Migrants also will be asked if they have a fear of persecution or torture in Mexico before being enrolled in the program and have access to legal representation, U.S. officials said during a call with reporters on Thursday.

President Joe Biden ended the policy known as the Migrant Protection Protocols (MPP) soon after his inauguration in January. But a federal judge ruled Biden’s rescission did not follow proper procedure and in August ordered its reinstatement. The U.S. government said it had to wait for Mexico’s agreement before the policy could restart. “The United States accepted all the conditions that we set out,” said one Mexican official.

At the same time, the Biden administration is still actively trying to end the MPP program, issuing a new rescission memo in the hopes it will resolve the court’s legal concerns.

The policy was a cornerstone of former Republican President Donald Trump’s hard line immigration policies and sent tens of thousands of people who entered at the U.S.-Mexico land border back to Mexico to wait months – sometimes years – to present their cases at U.S. immigration hearings held in makeshift courtrooms near the border.

The MPP program will restart with a small number of migrants at a single U.S. border crossing on Monday, but will eventually expand to San Diego, California and El Paso, Laredo and Brownsville in Texas, one of the U.S. officials said.
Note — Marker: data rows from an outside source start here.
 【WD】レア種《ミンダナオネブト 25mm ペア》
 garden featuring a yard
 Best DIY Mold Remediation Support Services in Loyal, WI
The reinstatement of MPP adds to a confusing mix of immigration policies in place at the U.S.-Mexico border, where arrests for crossing illegally have hit record highs.

Biden promised what he called a more humane approach to immigration. But even as he tried to end MPP, his administration continued to implement a Trump-era public health order known as Title 42, which allows border authorities to rapidly expel migrants without giving them a chance to claim asylum. Nearly two-thirds of the record 1.7 million migrants caught crossing the U.S.-Mexico border this fiscal year have been expelled under the Title 42 order.

Migrants caught at the U.S.-Mexico border will first be evaluated to determine whether they can be quickly expelled under Title 42, one U.S. official said. If not, migrants from the Western Hemisphere could be placed in the reworked MPP program, the official said.

Exceptions will be made for migrants with health issues, the elderly and those at risk of discrimination in Mexico, particularly based on gender identity and sexual orientation, a different U.S. official said.

Immigration advocates argue MPP exposed migrants to violence and kidnappings in dangerous border cities, where people camped out as they waited for their hearings.

The United States and Mexico will arrange transportation for migrants waiting in Mexican shelters so that they can attend their court hearings in the United States, a third U.S. official said. But local officials in Mexico said that many border shelters are already full and overwhelmed.

Migrants with cases in Laredo and Brownsville will be placed in shelters further away from the U.S.-Mexico border to avoid security risks in Mexican border cities, the official said.